Texas was a hot spot for thrift and bank failures at the time.
His logic was that a bank that has a Texas ratio topping 100 percent faces significant risk of potential insolvency because its problem loans are bigger than its available capital to cover potential losses.
Of the eight banks nationwide that have failed in the past three months, all but one had high Texas ratios, according to Matthew Anderson, a partner with Foresight Analytics in Oakland, Calif. Alpharetta-based Integrity Bank had the highest Texas ratio among the nation’s financial institutions in the first and second quarters before it failed in August.
However, critics of the Texas ratio argue that it is a single snapshot of a bank’s condition and doesn’t reflect its ability to improve operations or raise additional capital.
“The Texas ratio really doesn’t tell the whole story,” said Mark Conner, president of FirstCity Bank in Stockbridge.

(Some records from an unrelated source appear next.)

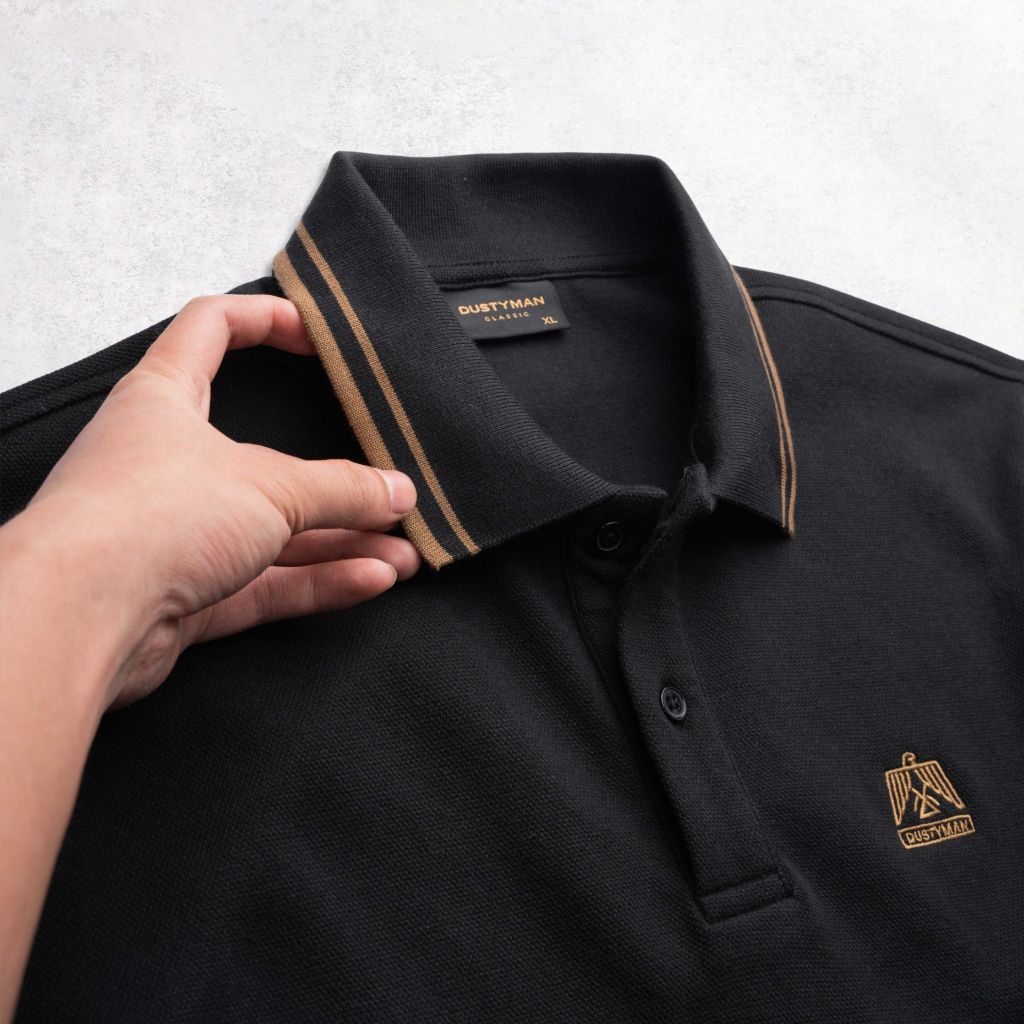 BEVIS POLO | VẢI DOUBLE FACE | REGULAR FIT| P428
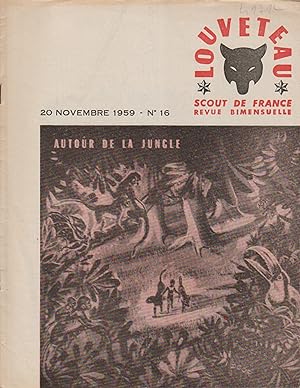 Louveteau 1959 N° 16. Revue bimensuelle des Scouts de France. 20 novembre 1959.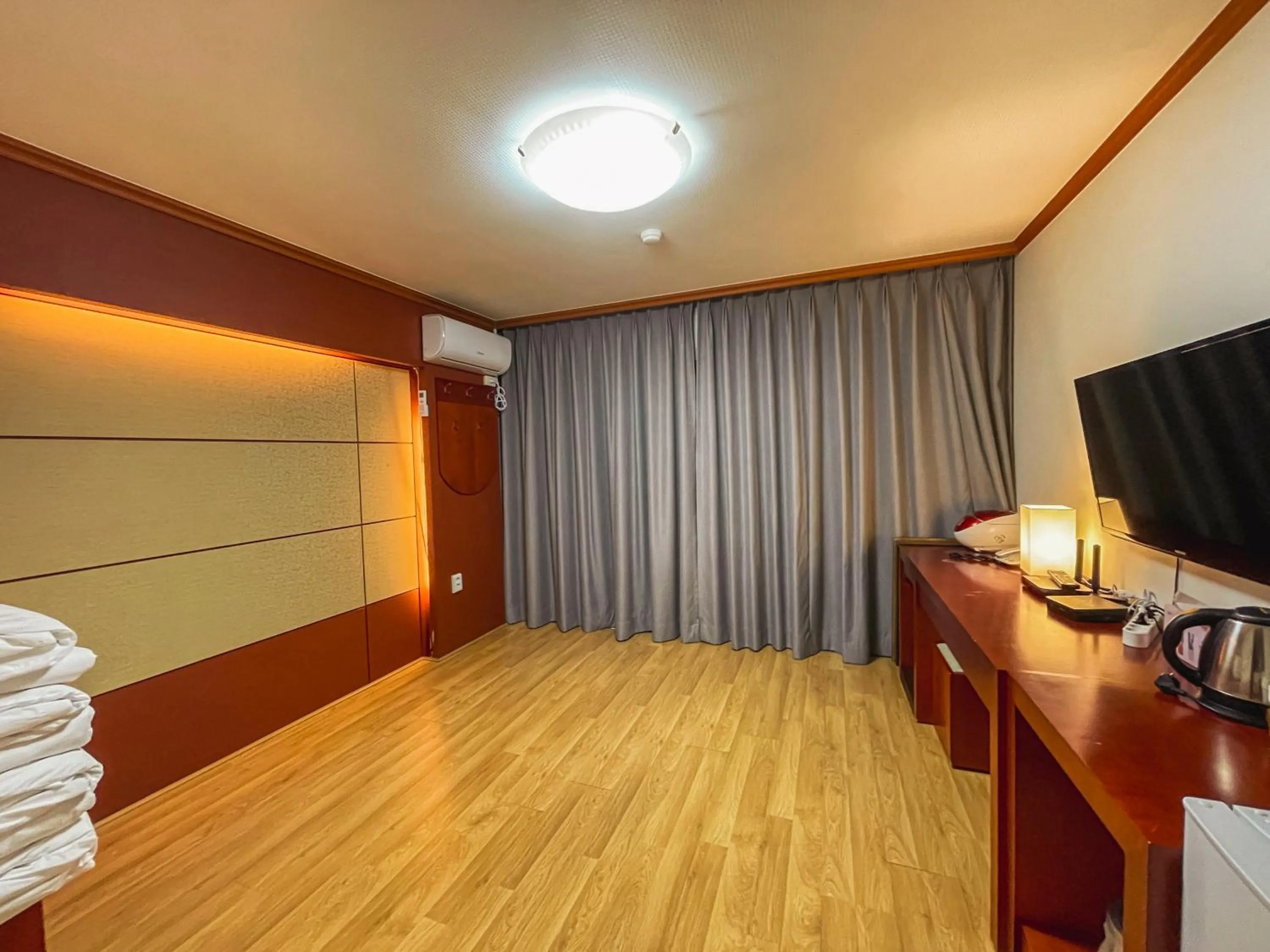 Bed in Hotel Terramar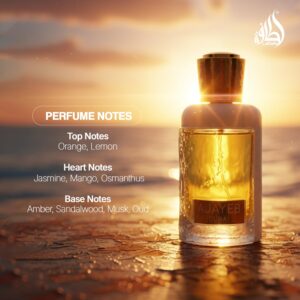 Lattafa – Ajayeb Dubai Portrait Eau de Parfum
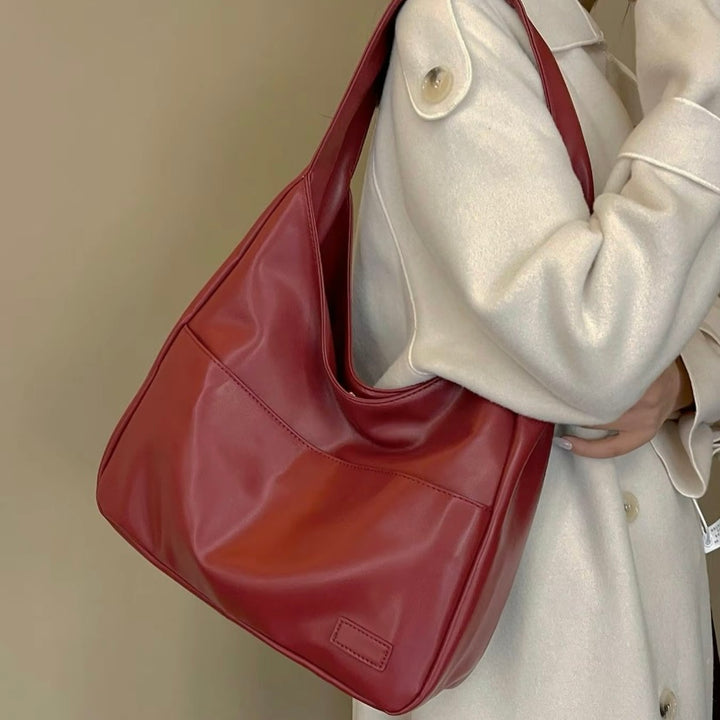Femme™ | Minimalist Slouch Shoulder Bag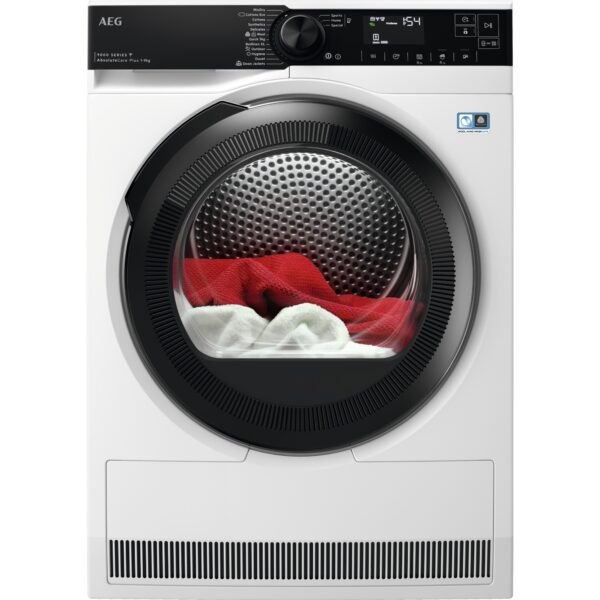 Trummelkuivati sügavus 63.8 cm TR939I4CE, AEG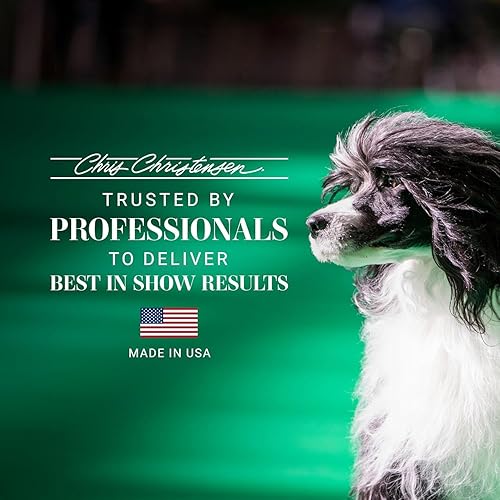 Miniatura 9 de Chris Christensen SmartWash50 - Champú para perros ultra concentrado blanqueador e iluminador, hace hasta 50 botellas, prepara como un profesional,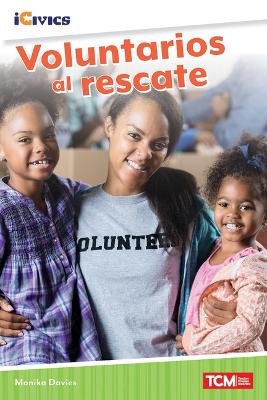 Book cover for Voluntarios al rescate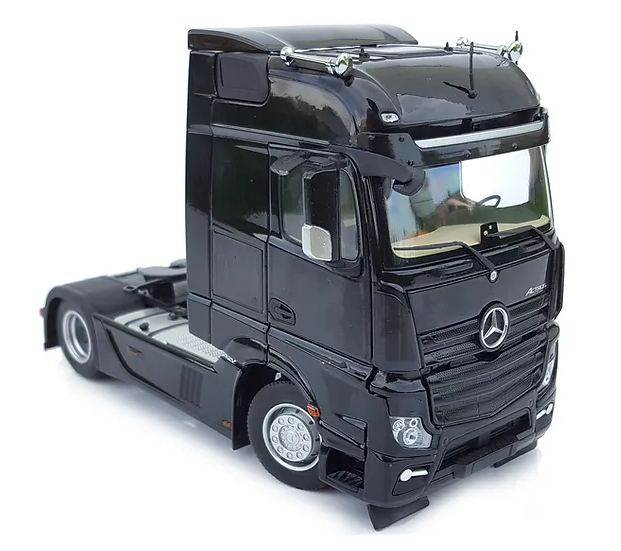 MARGE 1909-02 Mercedes-Benz Actros Bigspace 4x2 schwarz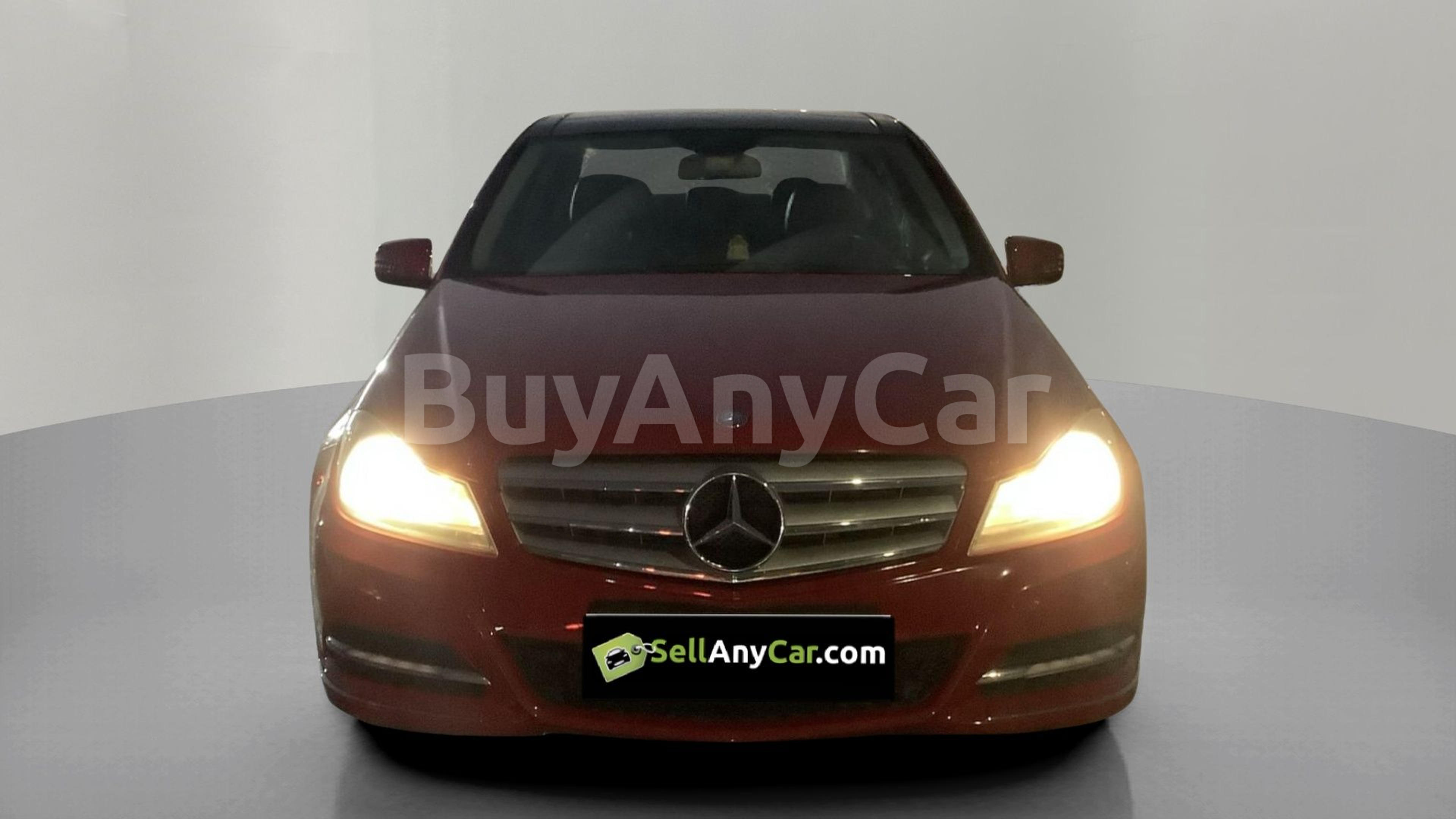 2013 Mercedes-Benz C-Class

Traditionally, the ratio is calculated by starting with the total of an institution’s nonperforming assets and loans that are at least 90 days past due. That figure is then divided by the company’s sum of tangible equity — which excludes goodwill and other intangible assets — plus loan loss reserves, or money set aside to cover expected losses on loans.
Some industry analysts have tweaked the formula. Atlanta-based FIG Partners, which supplied data for these stories, also includes the value of foreclosed properties and all delinquent loans in its calculations, arguing that it provides a broader measure of potential risks.